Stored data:

-*-*-

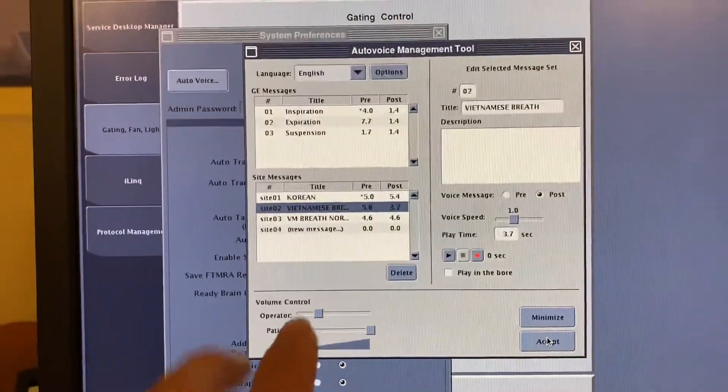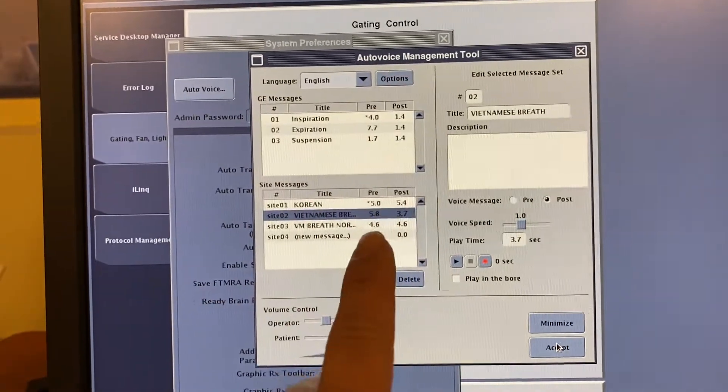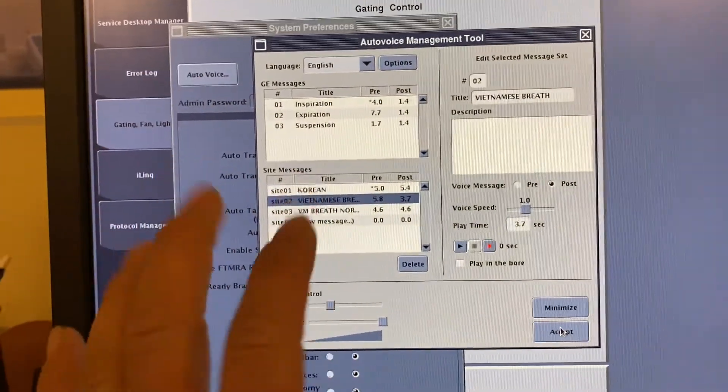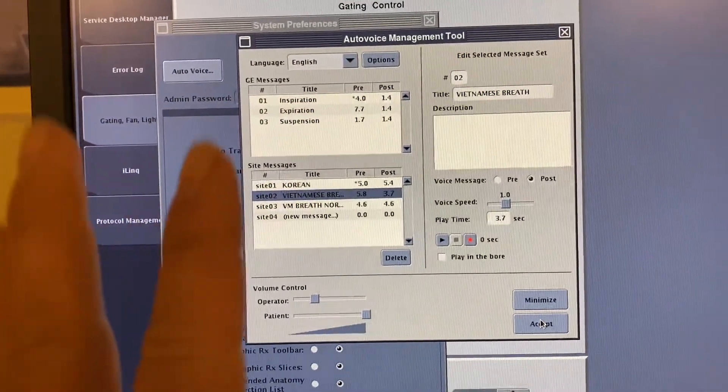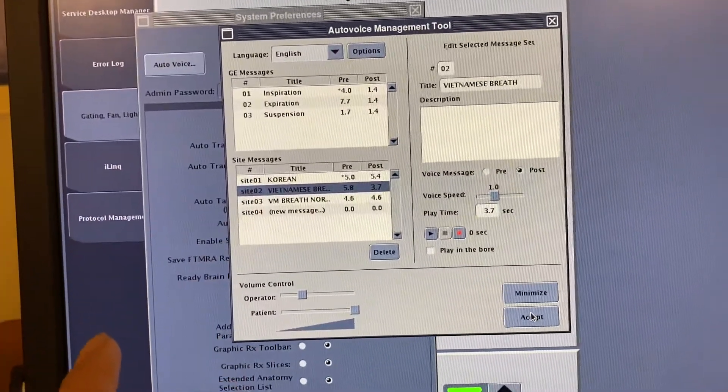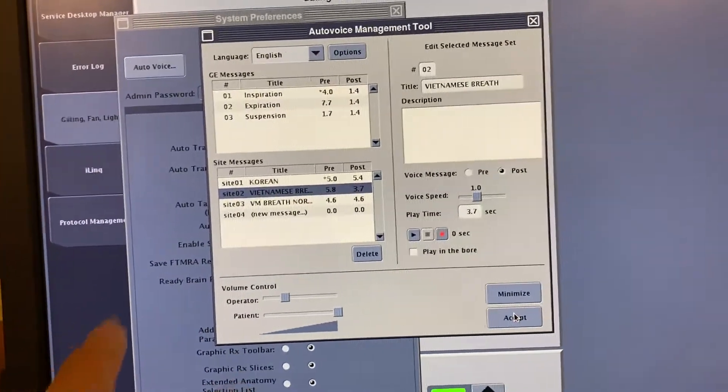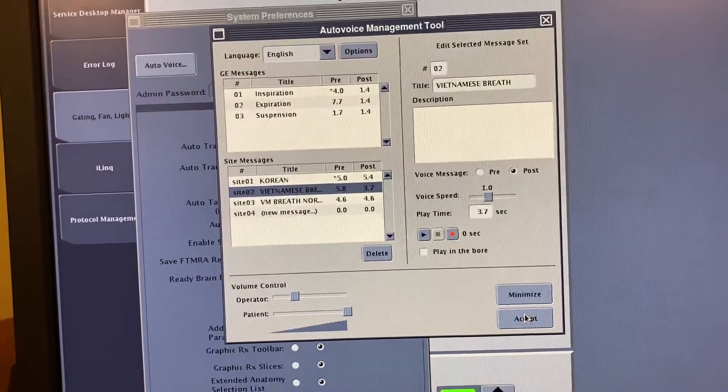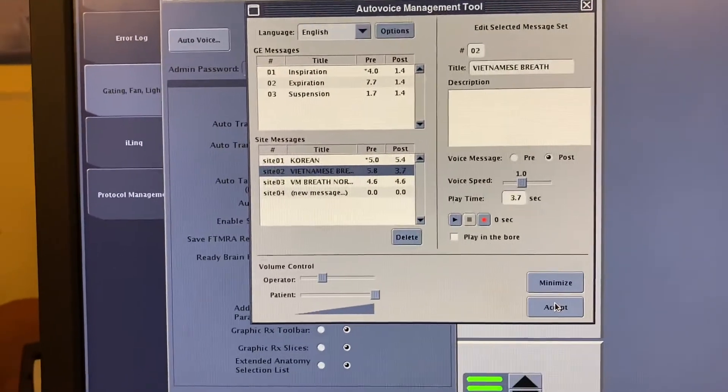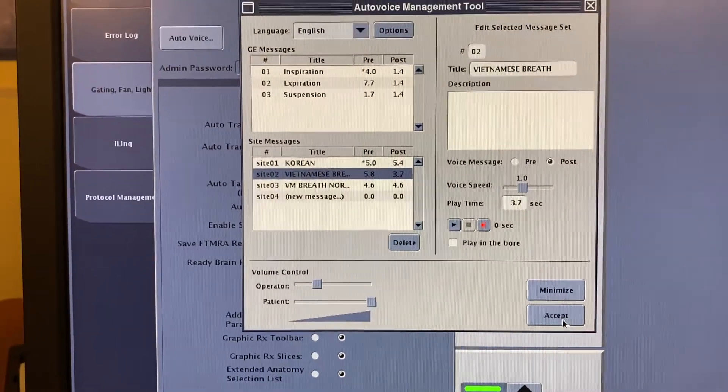One more detail: you can only do this while you have no exam picked. I don't think you can do it on the fly. Like if you had a Chinese patient on the table and you wanted to record Chinese, you need to do this before you pick their session number or their exam.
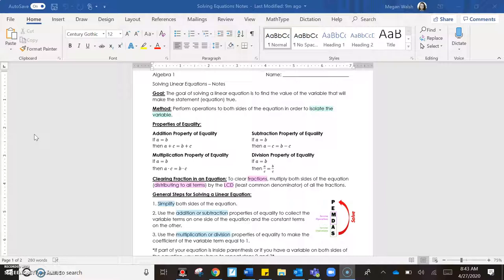The first topic we're going to talk about is solving linear equations — being able to solve an equation. The method is to perform operations to both sides of the equation in order to isolate the variable, using the properties of equality: addition, subtraction, multiplication, and division. Sometimes we'll have to deal with fractions — remember when we deal with fractions, we flip and multiply on both sides by that denominator.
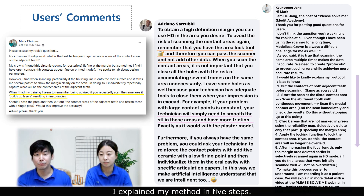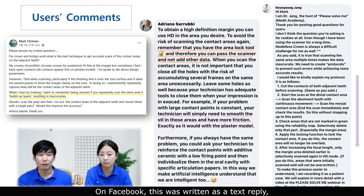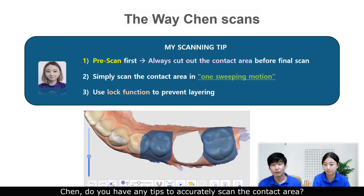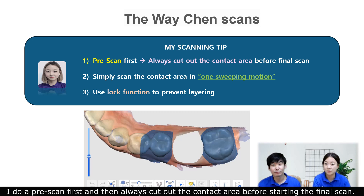I explained my method in five steps. On Facebook, this was written as a text reply, but today I would like to explain it in more detail through pictures and video. Chen's tip: do a full scan first, then always cut out the contact area before starting the final scan. When performing a final scan, simply scan the contact area in one sweeping motion.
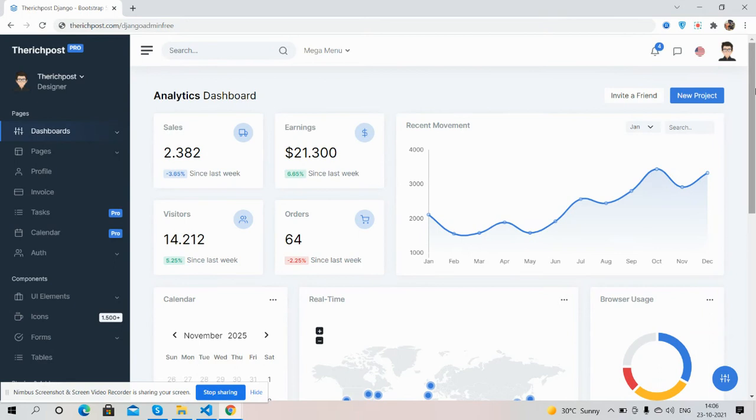Django plus Bootstrap 5 fully responsive admin template working demo. And guys, I must say I will come with more demos. And if you have any kind of query, suggestion, or requirement, then feel free to comment on this video.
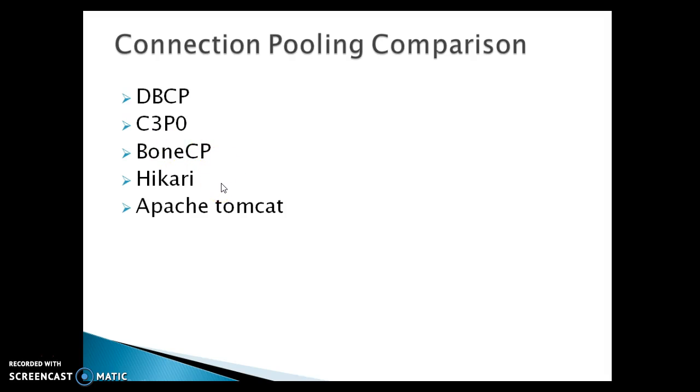BoneCP we've already seen. Now let's talk about Hikari. Hikari is one of the fastest connection pools I've found. I have used this connection pool in one of my projects. HikariCP seems to perform better than other connection pools like C3P0, BoneCP, and Apache DBCP. However, when selecting a connection pool, there are other aspects to take into account, such as configuration options. Determine what's most important to your business before deciding which one to use.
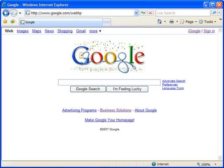Hello and welcome to ShowMeAcademy.com. In this tutorial, we're going to show you how to add favorites or bookmarks in Internet Explorer 7.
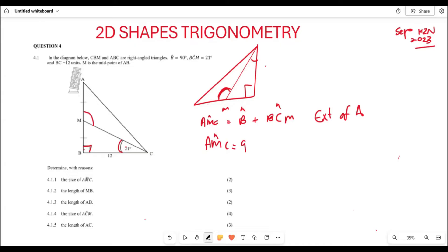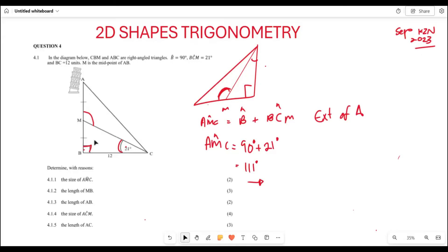So angle AMC is going to be the same as 90 degrees plus 21 degrees, which gives us 111 degrees. So angle AMC equals 111 degrees.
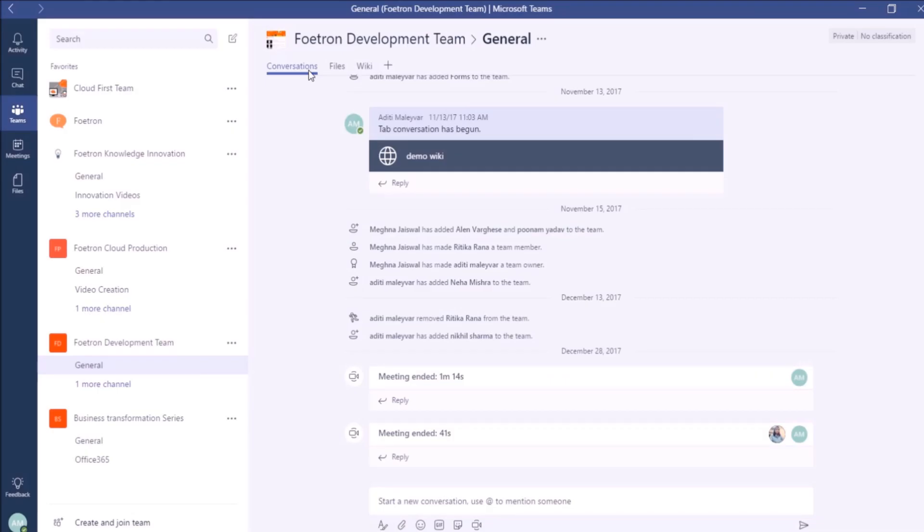This is how your display picture for the team will look like. That's all about this feature. Hope you liked it, guys. For more videos on Microsoft Teams, you can subscribe to our YouTube channel Fortran Cloud Academy. Thank you, guys.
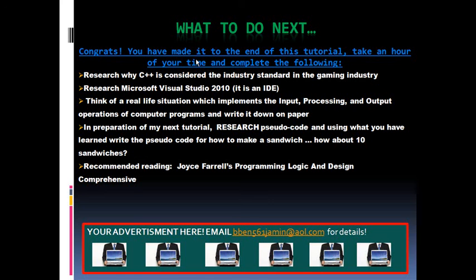Give yourselves a pat on the back — I am very proud of you for finishing this tutorial. You have just taken the first step to starting a career in making A-plus video games. Here, I present to you a short list of things which will help you to better understand the concepts presented in this tutorial and to prepare you for subsequent tutorials. If you are serious about learning the basics of computer programming and further developing your curiosity into a viable money-making option for your future, take an hour of your time and complete the exercises presented to you in this slide. Congratulations for making it to the end and happy learning. Thanks for viewing the first part of this tutorial — please don't forget to subscribe.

-*-*-

Exercise prompt
Reproduce exactly, with no pictures, the lines above from the one holding "I explained my" to the one holding "This is how", inclusive.

Problem solution
I explained my method in five steps. On Facebook, this was written as a text reply, but today I would like to explain it in more detail through pictures and video. Chen's tip: do a full scan first, then always cut out the contact area before starting the final scan. When performing a final scan, simply scan the contact area in one sweeping motion.
Django plus Bootstrap 5 fully responsive admin template working demo. And guys, I must say I will come with more demos. And if you have any kind of query, suggestion, or requirement, then feel free to comment on this video.
BoneCP we've already seen. Now let's talk about Hikari. Hikari is one of the fastest connection pools I've found. I have used this connection pool in one of my projects. HikariCP seems to perform better than other connection pools like C3P0, BoneCP, and Apache DBCP. However, when selecting a connection pool, there are other aspects to take into account, such as configuration options. Determine what's most important to your business before deciding which one to use.
Hello and welcome to ShowMeAcademy.com. In this tutorial, we're going to show you how to add favorites or bookmarks in Internet Explorer 7.
So angle AMC is going to be the same as 90 degrees plus 21 degrees, which gives us 111 degrees. So angle AMC equals 111 degrees.
This is how your display picture for the team will look like. That's all about this feature. Hope you liked it, guys. For more videos on Microsoft Teams, you can subscribe to our YouTube channel Fortran Cloud Academy. Thank you, guys.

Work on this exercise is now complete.